Estos pasillos están hechos para espantar la vida, para expulsar el olor de los mercados y las plazas, para no despertar el peligro de los muelles clandestinos en su tráfico de hedores y existencias

Gustavo Ogarrio

En el tablero luminoso se mezclan horas y ciudades sin deseo, destinos de metal y tierra que son despojados de sus propios combates en la voz cavernosa que va ordenando en el salón de vuelos el azar de los destinos. Sobre las tersas alfombras impersonales se deslizan acuáticos olores ya sin origen, sedientas maneras de esperar en las que no se acumulan los gritos del mundo ni las ramas podridas de esos ríos en los que se bañan y mueren los ancestros. Un aeropuerto internacional es como una pecera sin dioses, una estopa amniótica de la que nunca saldrán estegosaurios, tortugas, cocodrilos o cebollas lacrimógenas. Están hechos para el gran olvido, diseñados para ejercer la anti-memoria de las horas muertas; para la revisión minuciosa del equipaje que busca nitroglicerina en la granada, una navaja en el cepillo de dientes, veneno en el jugo de naranja, una herida de besos en la lengua, la caricia de tiniebla en el zapato. Idiomas disecados en las canciones que se tararean en las amplias salas de espera o en las escaleras eléctricas y que no sirven más que para acurrucarnos por unas horas en nosotros mismos y lamentar la ausencia del mar ajeno y de los postes de luz inexpresivos y de los barcos que alguna vez nos llevaron a ningún lado.

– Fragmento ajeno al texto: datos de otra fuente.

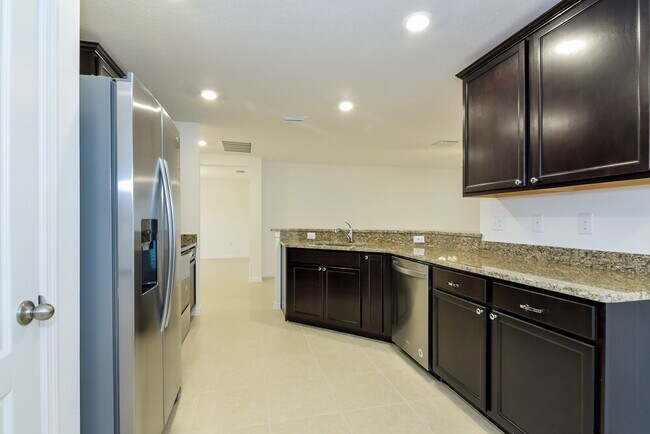 Building Photo - 12839 Impatiens St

Estos pasillos están hechos para espantar la vida, para expulsar el olor de los mercados y las plazas, para no despertar el peligro de los muelles clandestinos en su tráfico de hedores y existencias. Esta boutique sin crujidos de madera está hecha para aniquilar lo peor de las naciones, las pesadillas y la esencia inaprensible de lo verdadero.

En este teatro del vacío que huele a resina del capitalismo, en esta repetición de silencios que nos prepara con temor para el regreso o para bautizarnos como forasteros, en esta calma perfumada de mercancías en aparador, sólo merecen atención, del otro lado del vidrio, los grandes pájaros de la modernidad, los zopilotes metálicos de la guerra, ese ejércitos de falsas alas que espera sin gesto alguno, como cualquier mercenario, el momento de elevar a los privilegiados por el globo sin entrañas ya derruido.